Courtesy Archives of American Art, Smithsonian Institution.
Luce Artist Quote
"My effort has been to not only put the Biblical incident in the original setting . . . but at the same time give the human touch 'which makes the whole world kin' and which ever remains the same." Henry Ossawa Tanner, 1924, quoted in Hartigan, Sharing Traditions: Five Black Artists in Nineteenth-century America, 1985
Working in France after 1891, Henry Ossawa Tanner achieved an international reputation largely through his religious paintings. Their deep spirituality reflects Tanner's upbringing as a minister's son as well as the influence of his visits to the Holy Land after 1897.
Head bent, gaze intent, hands clasped, The Savior [SAAM, 1983.95.191] is absorbed in contemplation or prayer. The circumstances of the solitary vigil are ambiguous. Has Tanner chosen a particular moment on the mountain, in the Garden of Gethsemane, or just before the Crucifixion? Or has he treated instead the very act of prayer as a means to salvation? Whatever the context, Tanner presents Christ as a man of humble origin rather than as a transcendent, godlike figure. His carefully delineated features and bowed posture create the psychological penetration of a portrait.
Based on one of his sketches of Near Eastern men, Tanner's study conveys Christ's timeless humanity, while its sensitivity and strong modeling reveal the artist's admiration for the portraits of his teacher, Thomas Eakins.
An expressive realism characterizes The Savior, reflecting Tanner's mounting interest in the work of French Symbolist painters at the turn of the century. The painting's mottled browns and beiges derive from his training in the French academic tradition; influenced by the Impressionists' light and color, he later abandoned his subdued palette.
Although Tanner remained active until 1936, he avoided avant-garde developments after 1900. Nor did he align his expressive style with the efforts of African-American artists during the Harlem Renaissance; believing that he could not fulfill his artistic potential while fighting discrimination in America, he moved to Paris in 1891. Nonetheless, Tanner's universal subject matter and the international dimensions of his career provided inspiration for future African-American artists.

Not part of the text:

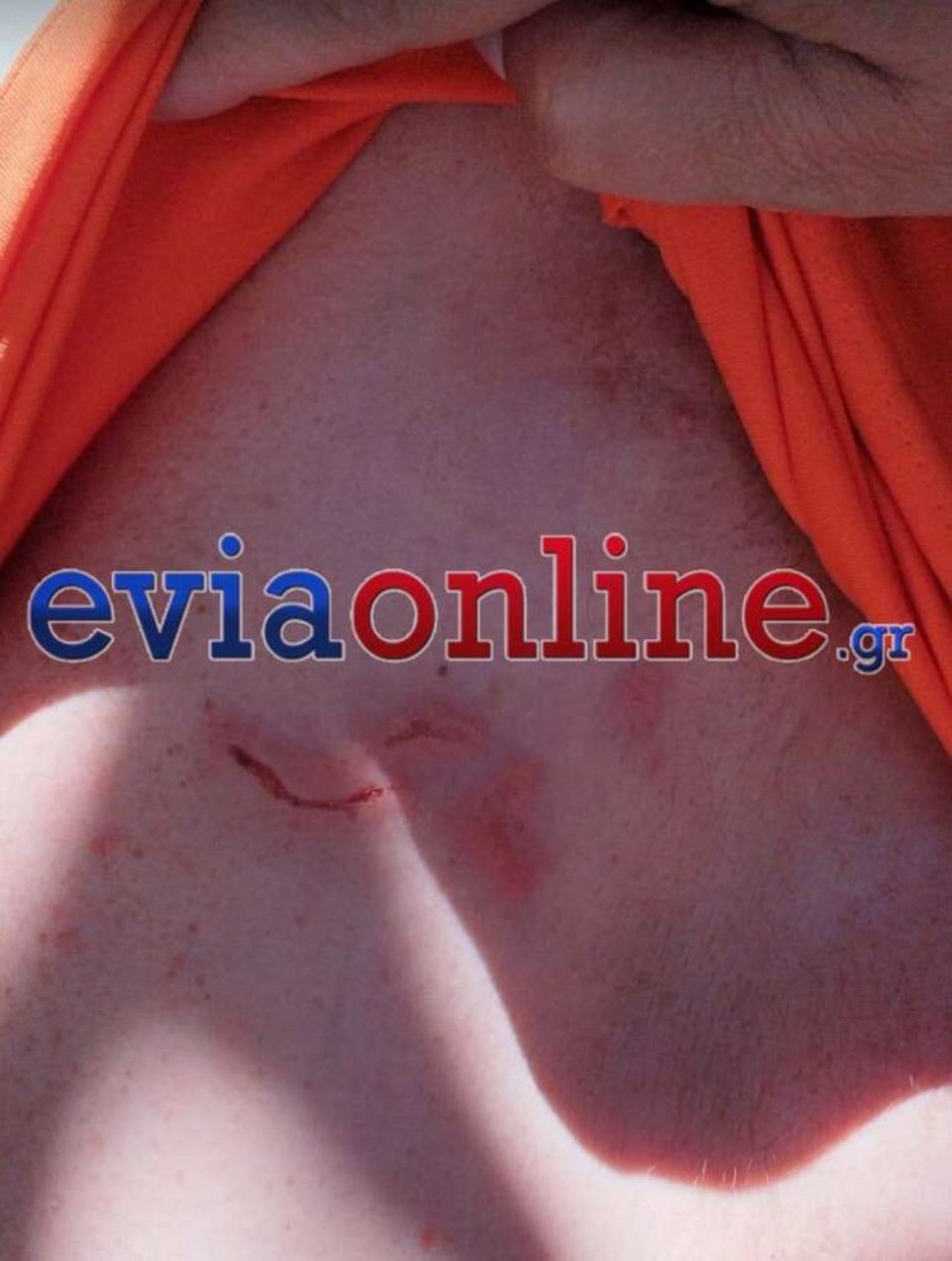 Μεγάλη έξαρση παρουσιάζουν φέτος το καλοκαίρι στα ελληνικά νερά οι μωβ μέδουσες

Lynda Roscoe Hartigan African-American Art: 19th and 20th-Century Selections (brochure. Washington, D.C.: National Museum of American Art)
Luce Artist Biography
Henry Ossawa Tanner was an African American artist who earned international acclaim for his religious paintings. His father was a prominent minister and his mother a former slave who escaped the South through the Underground Railroad. At age eleven, Tanner decided to become an artist, and nine years later the Pennsylvania Academy of the Fine Arts accepted him, the only African American out of two hundred students. At the suggestion of his teacher Thomas Eakins, Tanner tried his hand at photography but had little success. Like many American artists in the nineteenth century, he went to Europe, intending to study in Rome. After fourteen days in Paris, however, he decided to stay in France and enrolled in the Académie Julian. Sales of his paintings of Bible stories financed his trips to Palestine, Egypt, and Morocco. Tanner kept close ties with his native country and was proud of his contributions as a black American, but chose to live in France, where he felt that his race mattered less to other artists and critics.